### TASK BRIEF
Every line from the one with "17 Goldengate Road" to the one with "رئيس الوزراء يتفقد أقسامًا بمصنع", including those two, is to be copied exactly; all other lines of the entries below are left out.

### DATA FOR THIS EXERCISE
Content starts

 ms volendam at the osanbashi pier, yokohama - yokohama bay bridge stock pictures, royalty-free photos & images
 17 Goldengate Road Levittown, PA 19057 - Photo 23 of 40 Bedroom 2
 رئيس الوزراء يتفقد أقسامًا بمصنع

Content ends
Content starts

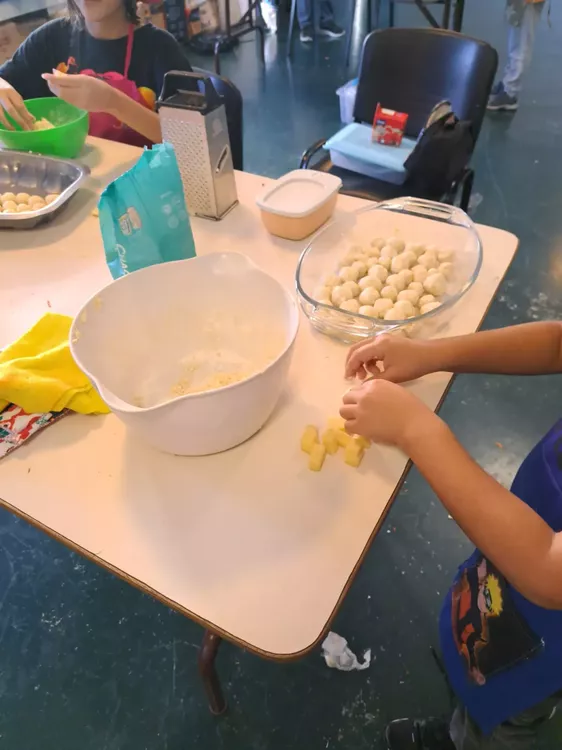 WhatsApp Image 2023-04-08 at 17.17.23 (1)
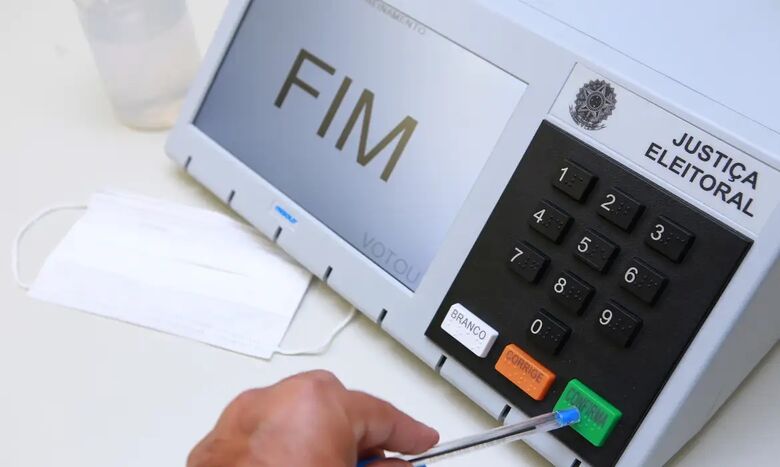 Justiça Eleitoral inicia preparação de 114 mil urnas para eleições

Content ends

### TASK RESPONSE
 17 Goldengate Road Levittown, PA 19057 - Photo 23 of 40 Bedroom 2
 رئيس الوزراء يتفقد أقسامًا بمصنع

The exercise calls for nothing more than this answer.